Une révolution attendue

Finalement, je ne résiste pas au plaisir de citer Antoine Laurent de Lavoisier, le père de la chimie moderne, qui écrivait dans l'introduction de son Traité de chimie que «toute science physique est nécessairement fondée sur trois choses : la série des faits qui constituent la science, les idées qui les rappellent, les mots qui les expriment (…) Comme ce sont les mots qui conservent les idées, et qui les transmettent, il en résulte qu'on ne peut perfectionner les langues sans perfectionner la science, ni la science sans le langage». Autrement dit, si nous voulons perfectionner l'Art culinaire, ou seulement la technique culinaire, utilisons les mots pour ce qu'ils signifient et bannissons des mots mal appropriés, dont le sens est gauchi, de crainte qu'ils ne gauchissent les idées que nous avons sur les phénomènes naturels que nous observons en cuisine.

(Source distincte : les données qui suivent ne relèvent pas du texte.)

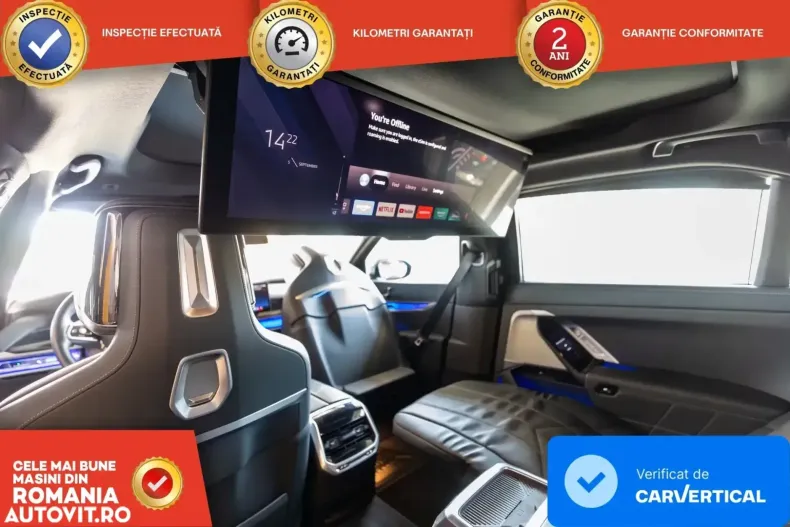 BMW i7 din 2023 cu 41.000 km - oferta BMW154429 - foto 21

Nous savons tous que le steak saisi ne retient pas les jus (il suffit de regarder la mare de jus sous la viande cuite) : pourquoi continuer à prétendre que le saisissement crée une croûte imperméable, qui retiendrait les jus ? Nous savons tous que le rôti perd du jus ; pourquoi prétendre que le jus se concentre à cœur ? Faraday disait : «vérifier ce que l'on vous dit», «ne pas généraliser hâtivement» ; Lavoisier disait «ne jamais conclure au-delà de ce que les expériences présentent», ce qui revient au même.

Lavoisier a été guillotiné par les révolutionnaires de 1789, alors qu'il avait lui-même créé une révolution en science. Je crois qu'il est temps que nous fassions celle de la cuisine. Mettons à plat les idées théoriques, observons, échangeons les observations, les hypothèses, mesurons, pesons, jaugeons les idées à l'aune de nos mesures, et nous aurons quelques chances de transmettre à nos successeurs une cuisine mieux comprise. Il ne s'agit pas seulement de faire une cuisine raisonnée, une technique fondée sur des idées saines ; il s'agit surtout de lancer des recherches nombreuses pour explorer les mille phénomènes étonnants de la cuisine. C'est un des objectifs de la discipline scientifique que nous avons nommée «gastronomie moléculaire», et dont je vous ai entretenu quelque fois.